With the trite and often make-up-break-up saturated lyrical content of modern music, the alt-country outfit Elliott Brood are known for taking a different musical tack; time travelling.
Elliott Brood
Elliott Brood

With the trite and often make-up-break-up saturated lyrical content of modern music, the alt-country outfit Elliott Brood are known for taking a different musical tack; time travelling.

The space-time continuum-bending trio of Casey Laforet, Mark Sasso and Stephen Pitkin are known for their love of storytelling, a deep love of history and using everything from peanut butter jars to suitcases as musical instruments.

Celebrating a decade since their first EP Tin Type, the self-dubbed genre creators of “Death Country,” “Frontier Rock” or “Revival Music” are touring through the annals of time to Banff and Western Canada this fall.

Elliott Brood play The Banff Centre with Lucas Chaisson on Monday (Sept. 23) at 8 p.m. Tickets are $20 and can be purchased at banffcentre.ca.

Using aggressively strummed, distorted acoustic guitars, or a banjo that is shredded like an electric guitar, EB is known for a boundary-pushing musical style.

Much like the unidentifiable sound of the band, guitarist and vocalist Laforet was a cross-genre music lover from a young age.

“I grew up in Windsor, so there was always a lot of good Motown around, but I didn’t listen to it because that was my parents’ music,” Laforet said.

“The first soundtrack I ever loved was the Rocky IV soundtrack and it had a lot of really stupid, loud rock music. But I was also really into hop-hop, and liked N.W.A., Ice Cube, and The D.O.C. and then I was a victim of Nirvana when they exploded. I was a grunge kid – through and through.”

Attending the same high school in Windsor, Ont., Laforet and lead singer Mark Sasso both moved to Toronto in 2000 to pursue their musical dreams.

It was shortly after their calculated relocation that they magically met their drummer, sound engineer and third band member Stephen Pitkin.

“We were playing in the city and just gigging and we played at the Cameron House and Steve was doing sound there at the time, as he is an audio tech,” Laforet said.

“He came up to us after a show and asked us if we were recording, but we told him that no one had asked us yet. So we had six or eight songs and we recorded it in Mark’s apartment. Steve brought some gear over and we started recording, and he engineered our first record for us – then we asked him to play our CD release party, because we didn’t have a drummer at the time, and he’s been in the band ever since.”

Since joining forces, EB has been nominated for three different Juno awards, but the tenacious prospectors finally struck gold in 2013, winning Best Roots and Traditional Album of the Year in the group category for their fifth record, titled Days Into Years (DIY).

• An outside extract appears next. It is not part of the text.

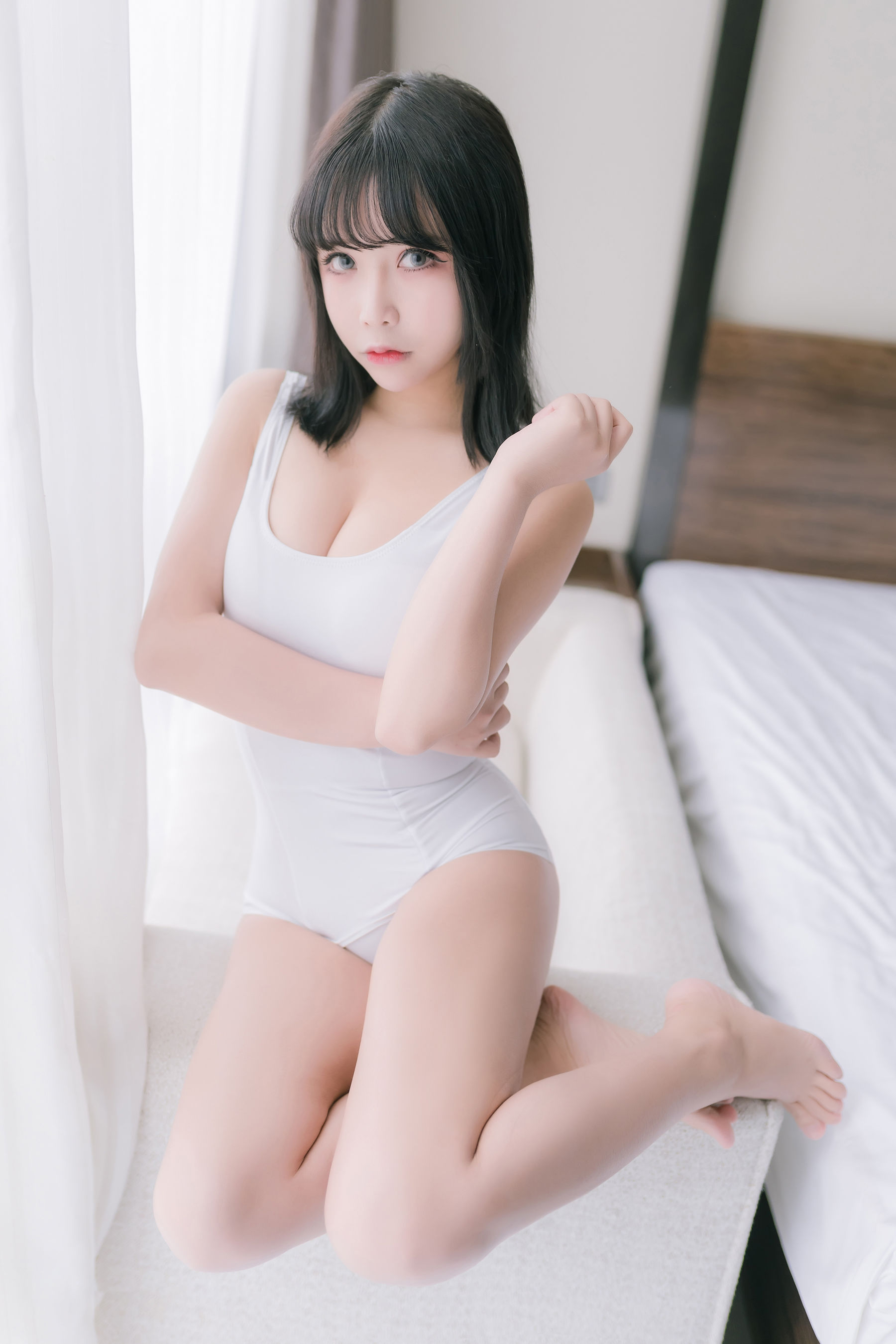 二次元妹子抱走莫子aa 大姐姐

Moving away from the boxed-in, trite subject matter of makeups and breakups, Laforet sees music as a way to create and communicate stories about time-sensitive characters.

“A lot of the music we listen to is The Band or Bob Dylan or stuff like that, and they can mime those kinds of stories, and put you in a certain place. We try to use some kind of historical context to set an environment but we can go many places from there,” he said.

Focusing on the First World War, the band took a more electrically focused path and let the distortion of their electric guitars ring out on DIY, with Crazy Horse-esque tones on songs like “Northern Air” and “If I Get Old.”

“It’s important for us to tell a good story and we don’t mind changing the sound around,” Laforet noted.

“We like to take it to another time. We don’t do a lot of present tense. It’s almost easier to tell the actual story if you take it back a few years.”

The misleading name of the band, Elliott Brood, is also the name of an actual character, who often travels silently through different eras, and tells stories from a bystander perspective.

“We almost look at him like a thief in that he steals the stories and he’s the one telling them to you. We created him out of this photograph of a really old man, walking past a flourmill in the late 1800s, on one of our first tour posters. I always envisioned Elliott Brood to be that guy – with a long, white beard and someone who is watching it all and taking notes,” Laforet added.

Laforet and crew are happy to come back to Western Canada, and have some fond memories of Canmore from past tours.

“We played the Canmore Folk Fest a few years ago and there was a rule then that you couldn’t dance in front of the stage,” he added.

“The kids just weren’t having that while we played, though, and they sort of broke through the barriers and came and danced at the front and it just sort of happened. It got in the paper and I think the headline was ‘Crowd overwhelms security – folk fest dance party’ or something like that.”